Open amarts opened 6 years ago
Certainly this feature would mean a world of simplification from a CSI-based deployment standpoint. It would mean that a gluster-block node driver wouldn't need to bundle any special packages, and could just make use of the FUSE client in the glusterfs node driver.
We briefly discussed other ways (in addition to loopback itself) to accomplish a similar behavior:
These would all accomplish the goal of isolating the "block-ness" within the CSI mount container and it would only "talk gluster" to the outside world. Certainly, loopback would be the easiest to prototoype, but one of the alternatives may prove more robust for production cases. More research is needed for those though :-)
CC: @nixpanic
One of the potential issues with a loopback device backed by a network filesystem is that there may be a deadlock when the system gets under memory pressure. This has been reported for loopback mounts on NFS-exports. The problem manifests itself like:
This is something that needs careful reviewing and testing.
I had posted this in a non-public list a while back, cleaned it up and posting it here again. It's long, but represents what we did with loopback devices and Gluster in an Openshift cluster.
Here is where we were (@JohnStrunk and self) at with our investigation on using loop back devices to serve RWO PVs in an Openshift cloud instance environment. Learning is not specific to that environment, hence posting it here.
Modal of delivery was based on k8s Flexvol driver, and the work can be found here [1]. This is mostly irrelevant to the discussion below, but better to get it out of the way.
The intention to look at loop back devices was to address scale and small file performance issues in the said Openshift clusters. The scale required was supporting 5k 1GB PVs from a single 3 node replicated volume, backed by a 1TB EBS volume, with 50% of the disk reserved for snapshots (so in essence 500GB disk for Gluster). The performance issue can be summarized time to untar a medium sized tarball, to a PV backed by Gluster in the FUSE mode (used as a shared file system), versus running it against a local FS backed by a FUSE file used as a block device, the latter of course wins (and has its own set of learnings to poke and prod).
Fact: Any local FS backed by a file over a network is faster, for small file workloads, as a lot of operations are actually happening on the page cache, and flushed when needed, thus reducing a lot of network chatter that is otherwise evident in any network file system (NFS, SMB, Gluster,
It was pointed out earlier by @vbellur that loop devices on Fedora scale to the 1000's (I forget the exact number but I think he mentioned 8k).
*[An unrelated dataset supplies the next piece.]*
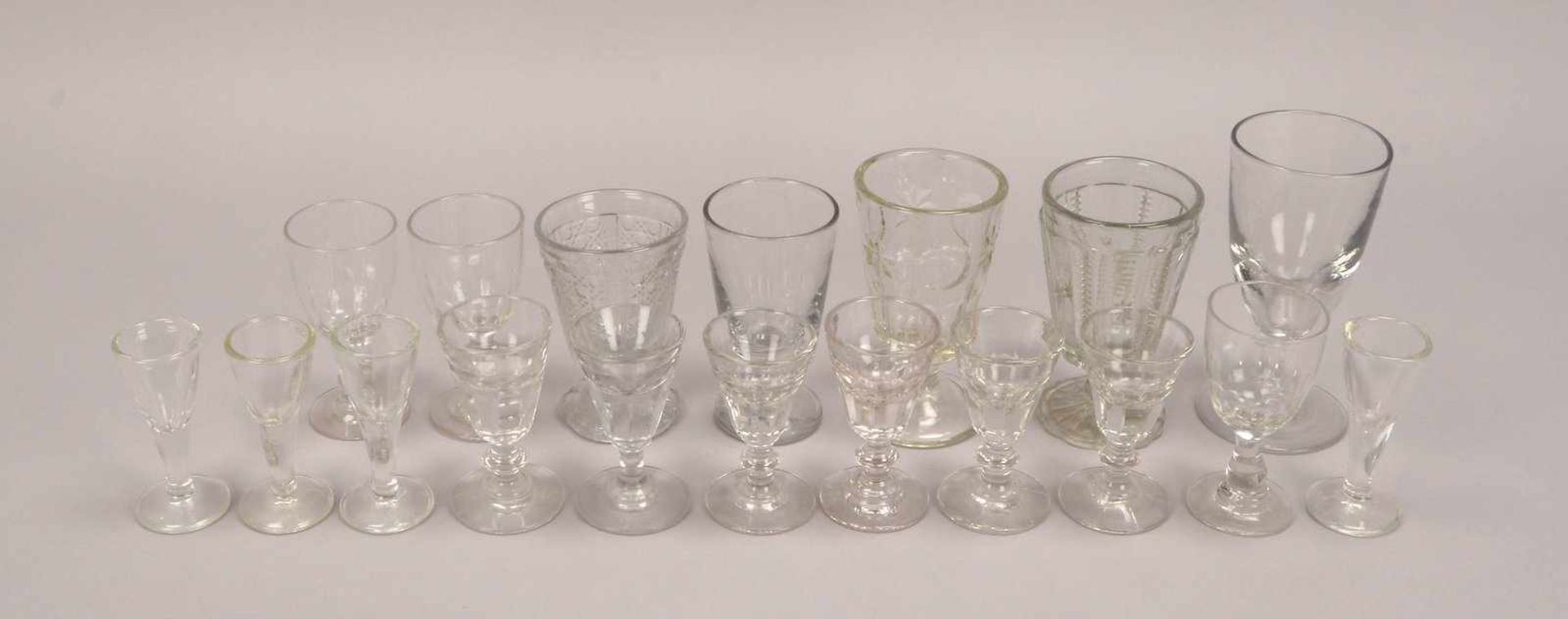 Gläser-Konvolut, unterschiedliche Ausführungen und Zeiten, 18 Stück/davon 7x Pressglas; Höhe bis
With this data, loop devices started to look interesting again, as part of the scale needs are met.
Reestablishing the scale test was done, and I scaled up to 1k devices. Further there was some reading about loopctl and loop device kernel code to start looking at this more factually than empirically [7].
One of the interesting discoveries (empirically again hence a discovery) was that I was able to go up to, creating backing file, XFS formatting and mounting ~815 loop devices on a 1GB RAM virtual (vagrant based) machine running RHEL 7, and to test up to 1k loop devices, I had to increase this to 2GB (which also gave it enough head room for other processes). This test though is to create and mount, not perform IO on these mounts. This is useful when considering the production environments and what machine requirements we need to set forth for them.
Next test/check was to ensure that loop devices support discard, so that an in use PV as it churns data, keeps the backing file size optimal. Loop devices on Linux, do support discard, and this works as required, hence this need was satisfied. This is key as we over-provision in the said Openshift environment by a factor of 10x, 1GB * 5000(PVs) = ~5TB and we have a 500 GB drive and so need to over provision or thin provision, and ensure consumed space is optimal and not wasted.
Also, thin-provisioning was possible as the backing file is created as a sparse file, with just a logical offset of 1GB.
Some further loop device kernel code reading, and looking at other block devices that support a similar kernel abstraction, helped understand that CPEH kRBD also uses a similar approach. At this point loop devices started looking more interesting, than possibly being treated as just a toy.
The problems to investigate then went to, write-ordering and ensuring we do not break it in Gluster. Write-ordering in the Linux kernel currently works as in [2]. With loop device driver, this gets transformed into a fsync [3]. So, again, using loop devices backed by a gluster file (accessed via a FUSE mount), satisfied this property (we do support fsync through our stack).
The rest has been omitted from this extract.